### ASSIGNMENT
Please retype the data below line for line and leave out every picture.

### Dataset excerpts
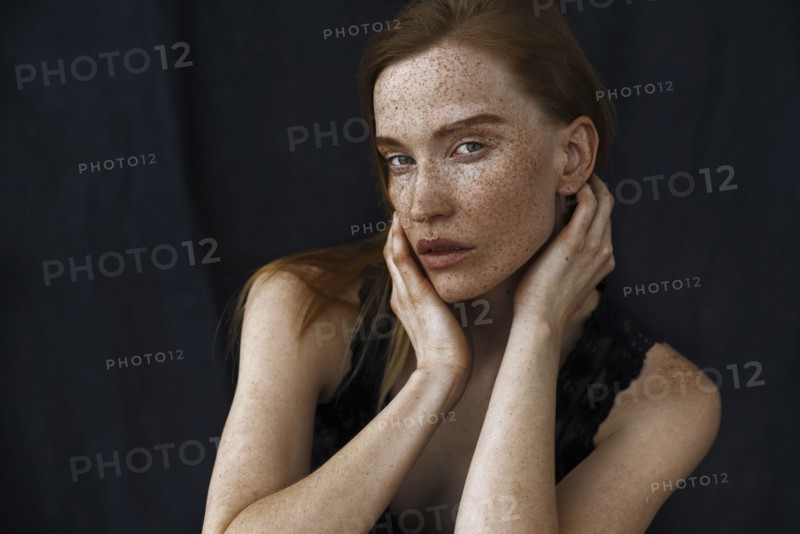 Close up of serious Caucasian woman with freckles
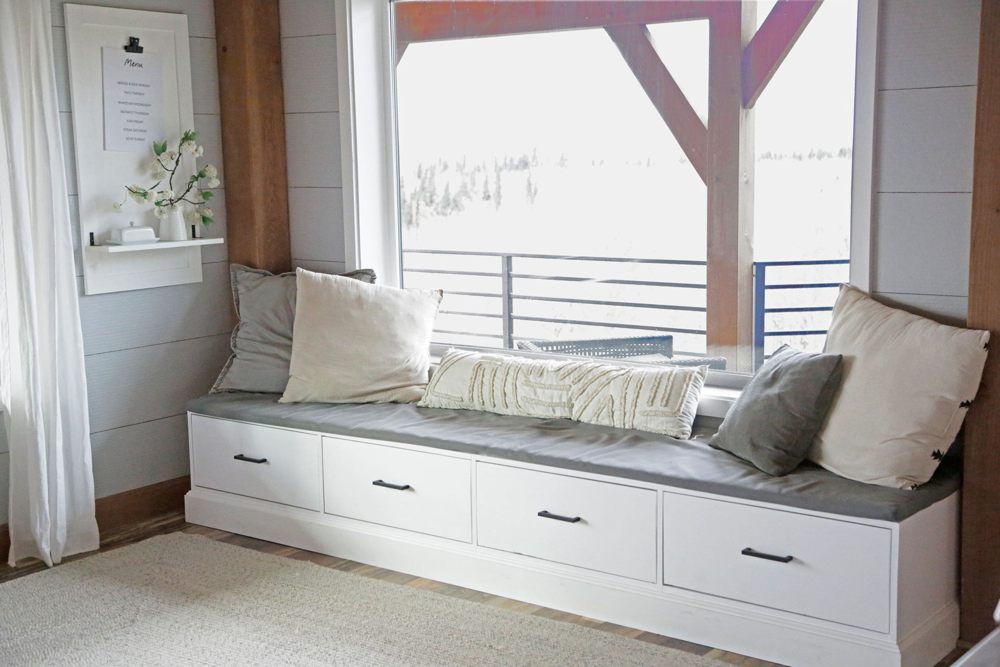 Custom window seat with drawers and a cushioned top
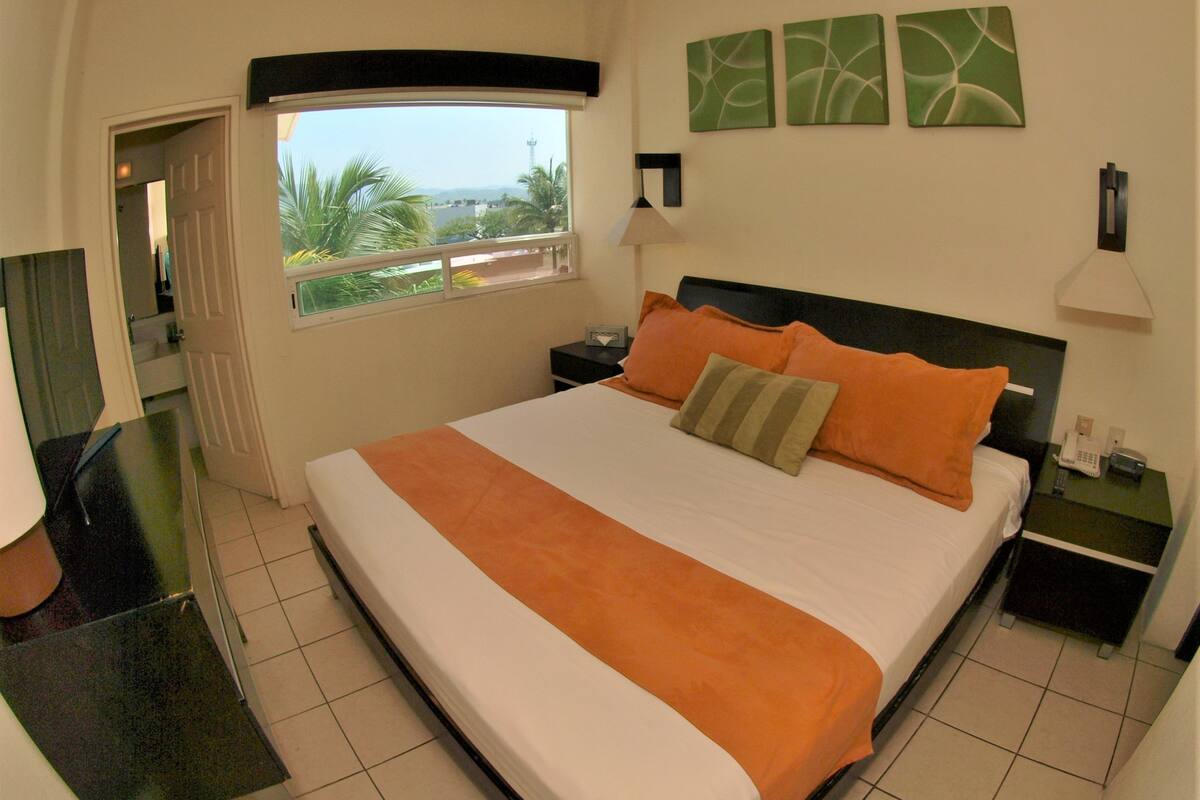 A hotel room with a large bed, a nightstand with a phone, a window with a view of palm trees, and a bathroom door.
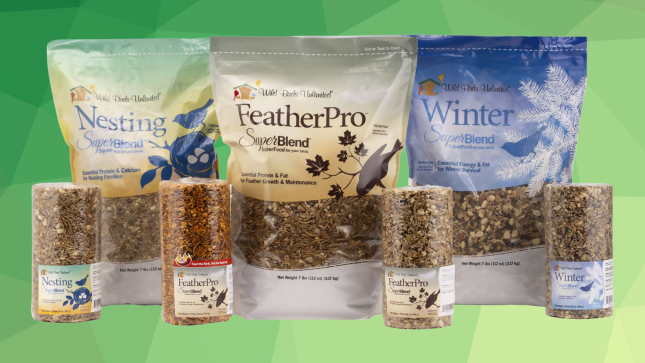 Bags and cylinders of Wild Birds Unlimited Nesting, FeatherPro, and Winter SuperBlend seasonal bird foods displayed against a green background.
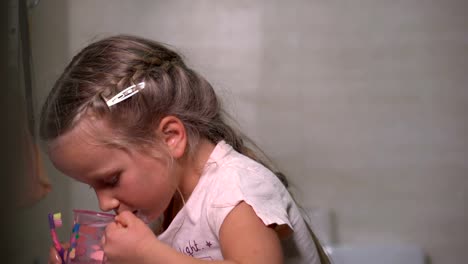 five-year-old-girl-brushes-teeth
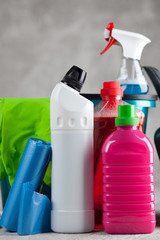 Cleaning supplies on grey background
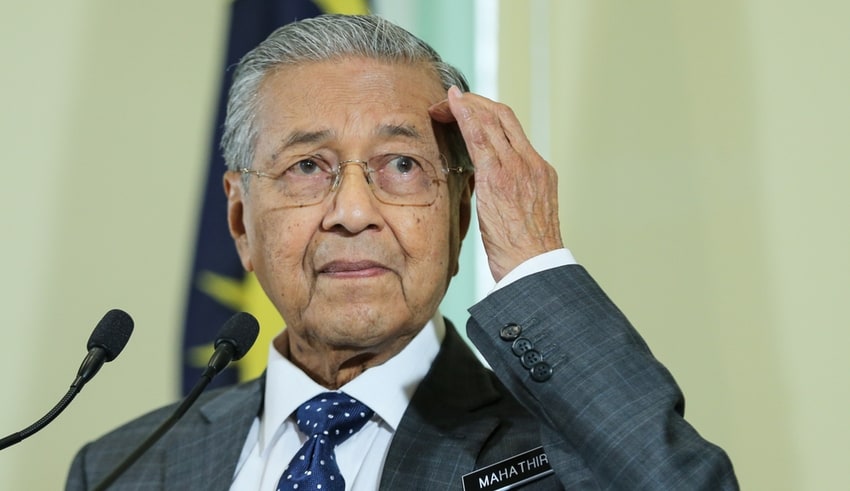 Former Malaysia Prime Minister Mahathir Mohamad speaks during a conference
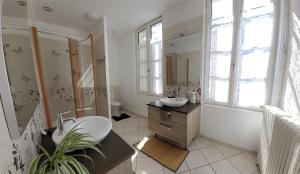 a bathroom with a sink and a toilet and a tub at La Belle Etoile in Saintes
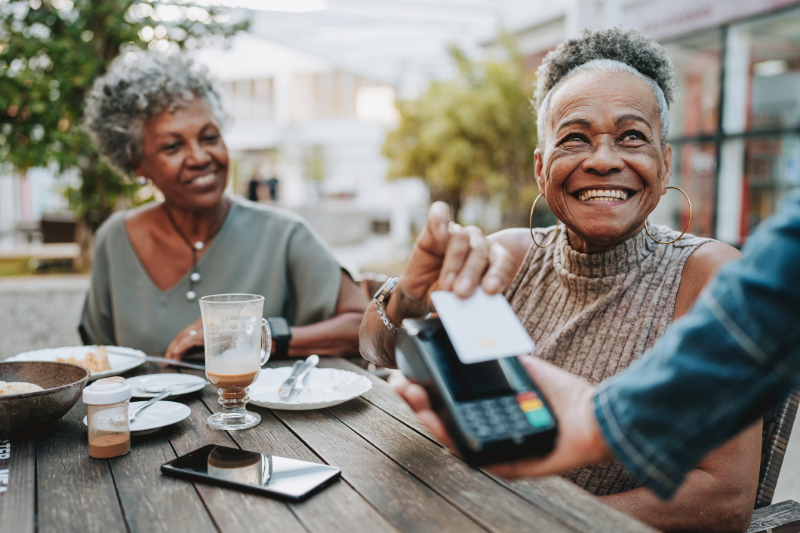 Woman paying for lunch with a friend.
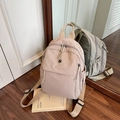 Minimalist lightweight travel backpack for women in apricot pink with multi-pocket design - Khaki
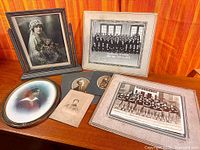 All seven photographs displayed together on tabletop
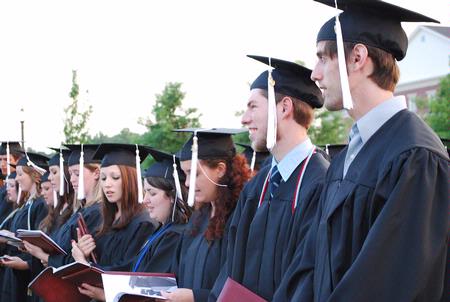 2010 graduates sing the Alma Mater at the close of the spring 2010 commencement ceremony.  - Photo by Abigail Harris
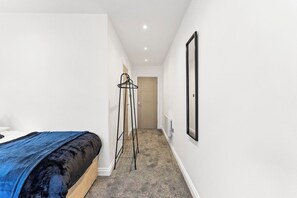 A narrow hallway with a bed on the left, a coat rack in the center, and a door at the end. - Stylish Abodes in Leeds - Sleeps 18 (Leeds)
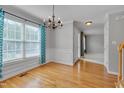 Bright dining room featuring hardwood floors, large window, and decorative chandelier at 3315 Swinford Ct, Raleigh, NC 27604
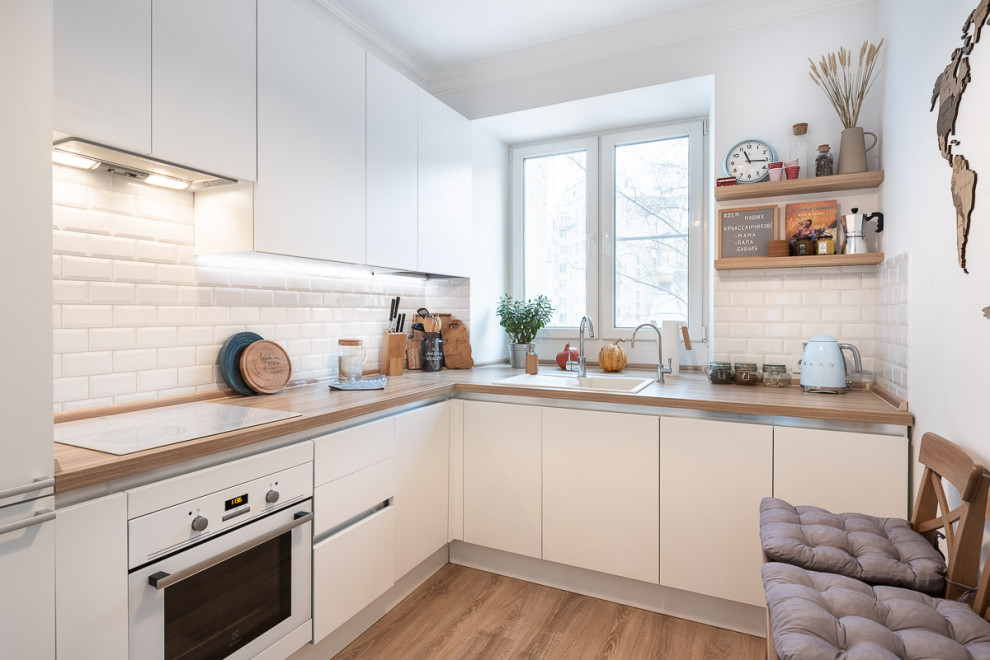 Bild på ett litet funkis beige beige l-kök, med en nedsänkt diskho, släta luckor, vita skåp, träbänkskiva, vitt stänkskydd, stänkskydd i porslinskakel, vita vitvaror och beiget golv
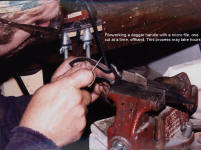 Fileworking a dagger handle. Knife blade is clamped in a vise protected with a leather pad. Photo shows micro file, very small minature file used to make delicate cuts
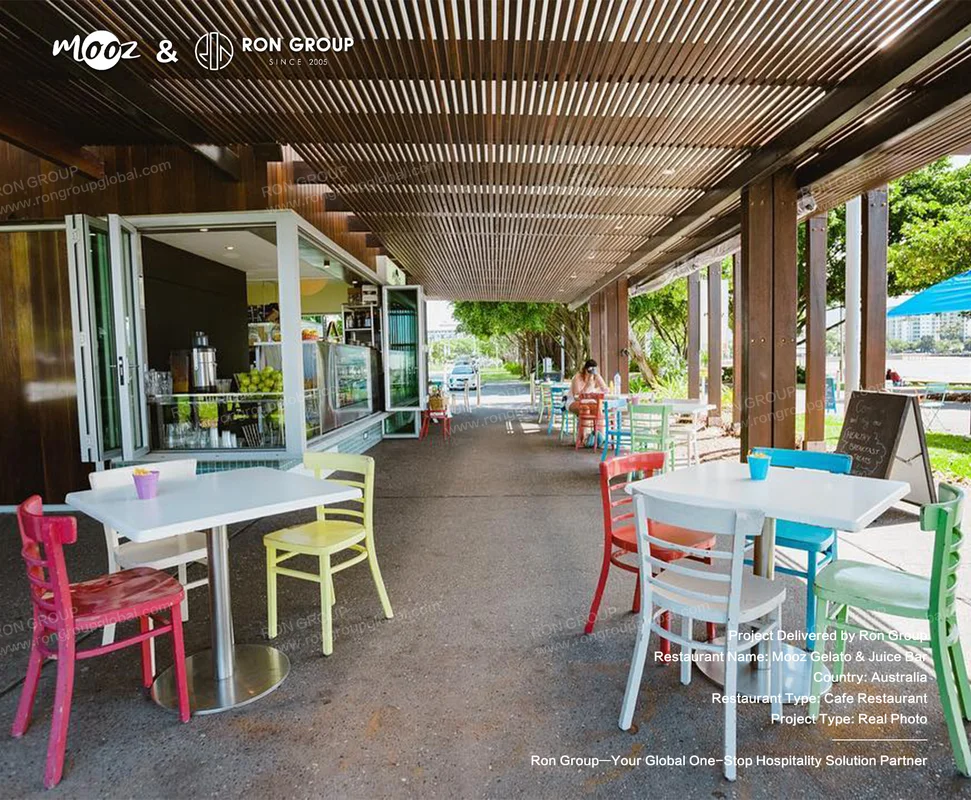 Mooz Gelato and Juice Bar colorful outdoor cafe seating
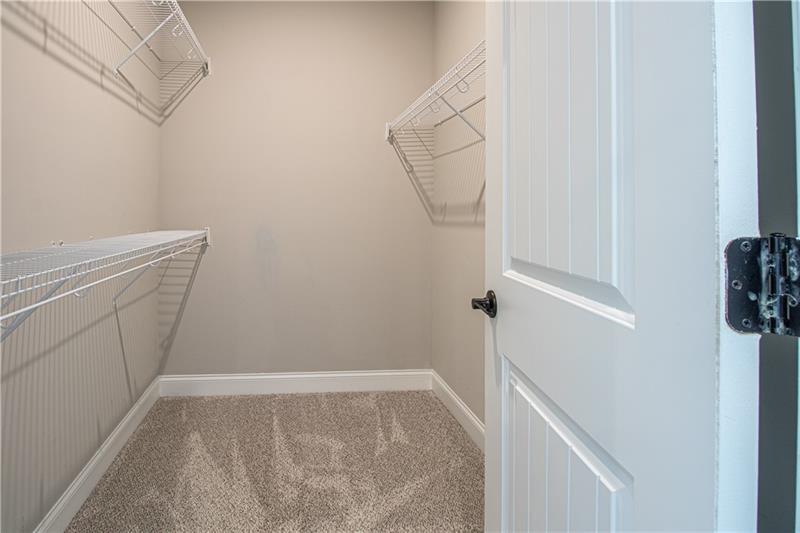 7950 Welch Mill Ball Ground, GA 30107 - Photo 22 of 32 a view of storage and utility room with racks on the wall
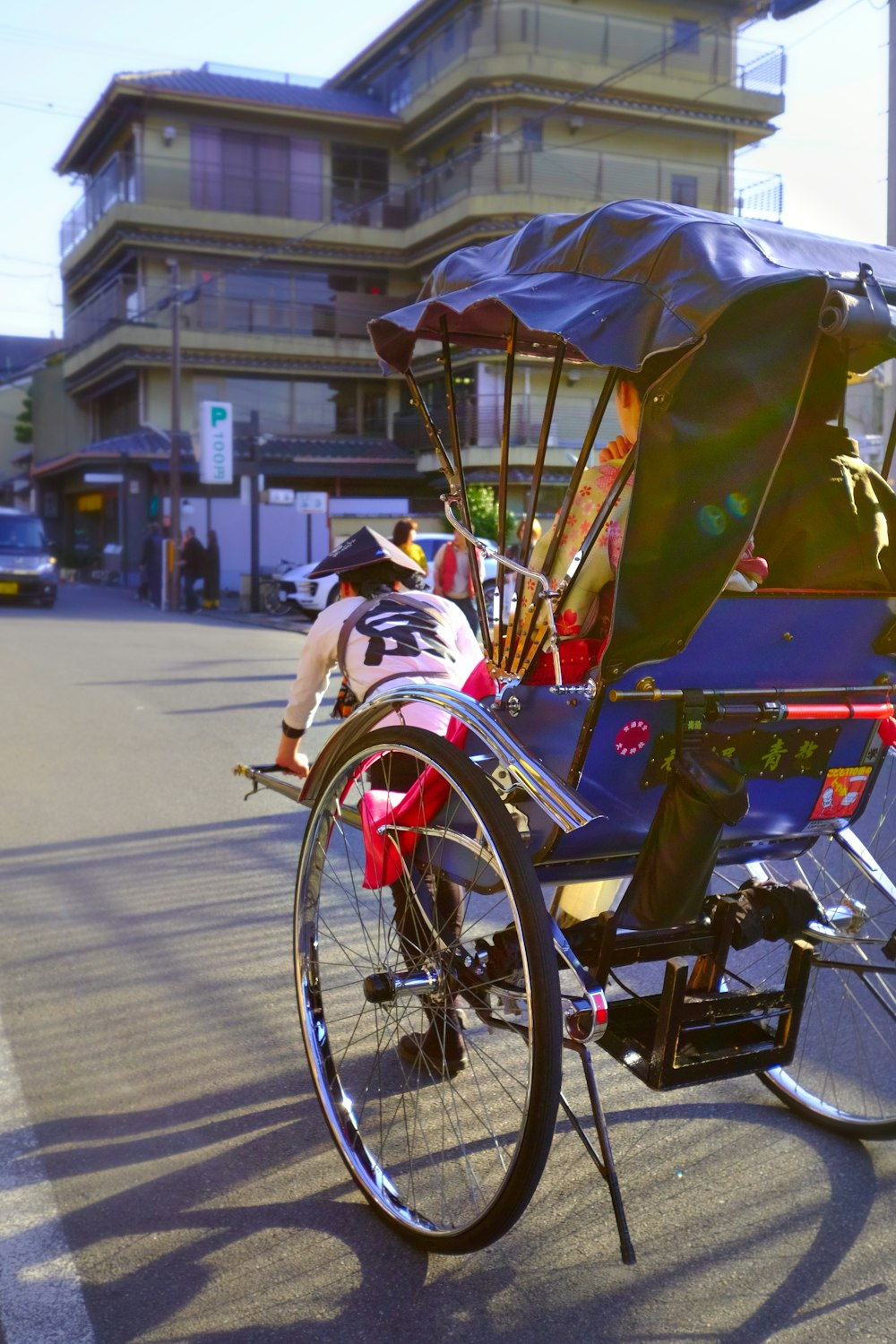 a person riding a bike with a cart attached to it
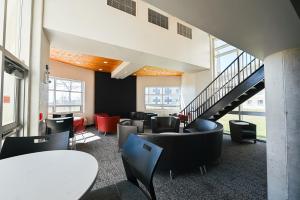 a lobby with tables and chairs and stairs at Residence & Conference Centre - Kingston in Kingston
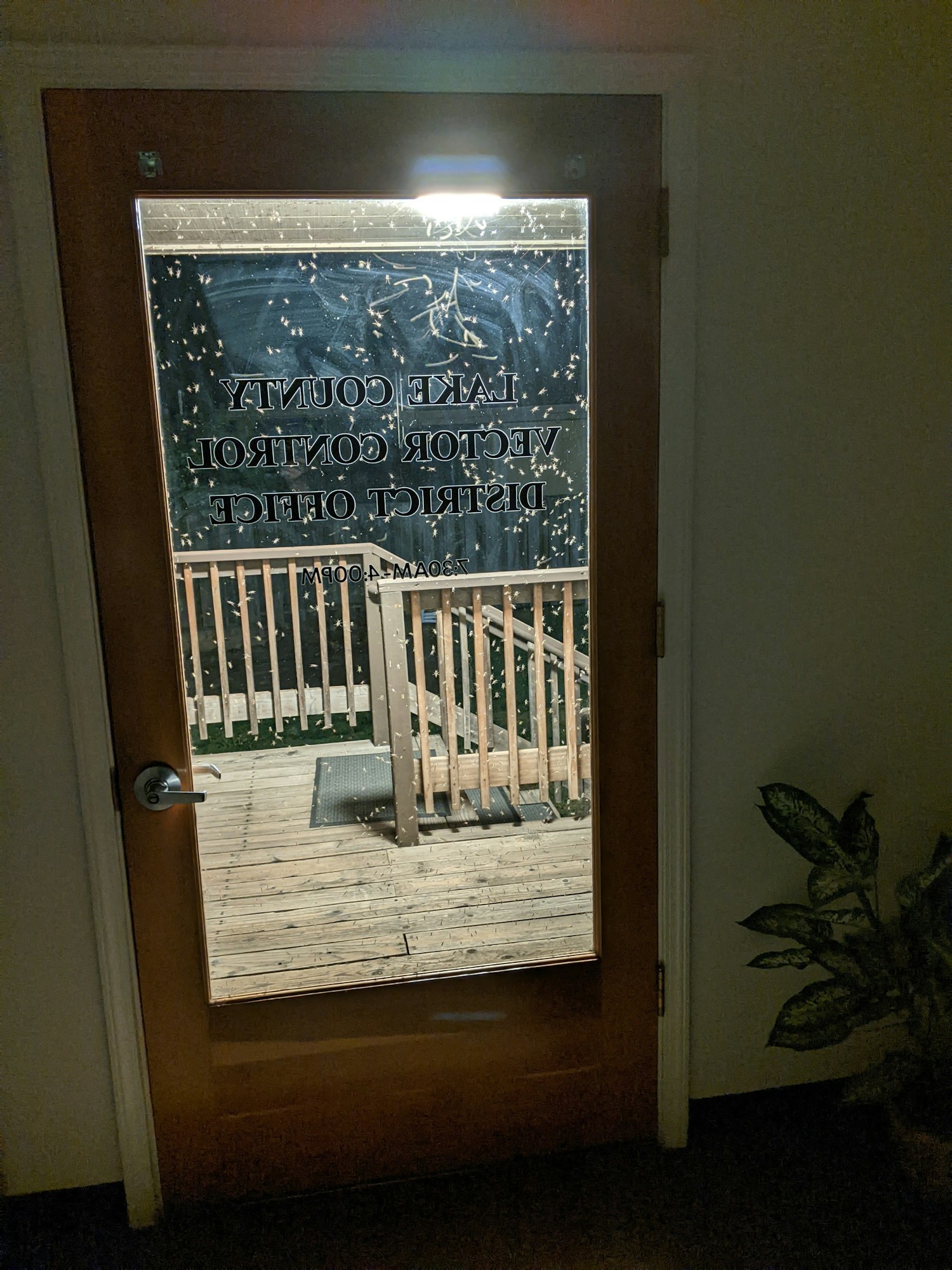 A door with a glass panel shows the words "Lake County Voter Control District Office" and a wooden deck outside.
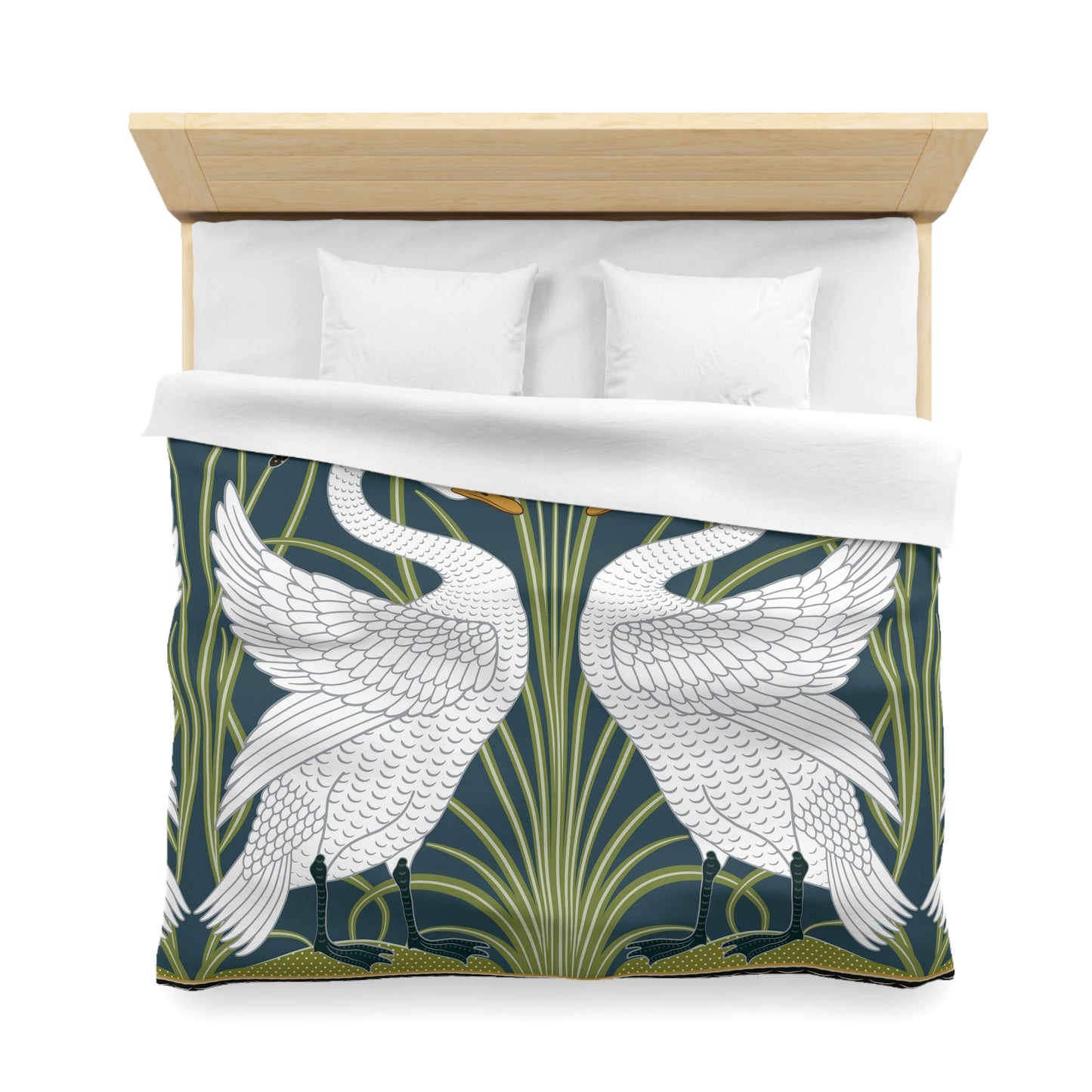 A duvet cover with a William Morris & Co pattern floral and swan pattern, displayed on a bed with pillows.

### TASK SOLUTION
 Close up of serious Caucasian woman with freckles
 Custom window seat with drawers and a cushioned top
 A hotel room with a large bed, a nightstand with a phone, a window with a view of palm trees, and a bathroom door.
 Bags and cylinders of Wild Birds Unlimited Nesting, FeatherPro, and Winter SuperBlend seasonal bird foods displayed against a green background.
 five-year-old-girl-brushes-teeth
 Cleaning supplies on grey background
 Former Malaysia Prime Minister Mahathir Mohamad speaks during a conference
 a bathroom with a sink and a toilet and a tub at La Belle Etoile in Saintes
 Woman paying for lunch with a friend.
 Minimalist lightweight travel backpack for women in apricot pink with multi-pocket design - Khaki
 All seven photographs displayed together on tabletop
 2010 graduates sing the Alma Mater at the close of the spring 2010 commencement ceremony.  - Photo by Abigail Harris
 A narrow hallway with a bed on the left, a coat rack in the center, and a door at the end. - Stylish Abodes in Leeds - Sleeps 18 (Leeds)
 Bright dining room featuring hardwood floors, large window, and decorative chandelier at 3315 Swinford Ct, Raleigh, NC 27604
 Bild på ett litet funkis beige beige l-kök, med en nedsänkt diskho, släta luckor, vita skåp, träbänkskiva, vitt stänkskydd, stänkskydd i porslinskakel, vita vitvaror och beiget golv
 Fileworking a dagger handle. Knife blade is clamped in a vise protected with a leather pad. Photo shows micro file, very small minature file used to make delicate cuts
 Mooz Gelato and Juice Bar colorful outdoor cafe seating
 7950 Welch Mill Ball Ground, GA 30107 - Photo 22 of 32 a view of storage and utility room with racks on the wall
 a person riding a bike with a cart attached to it
 a lobby with tables and chairs and stairs at Residence & Conference Centre - Kingston in Kingston
 A door with a glass panel shows the words "Lake County Voter Control District Office" and a wooden deck outside.
 A duvet cover with a William Morris & Co pattern floral and swan pattern, displayed on a bed with pillows.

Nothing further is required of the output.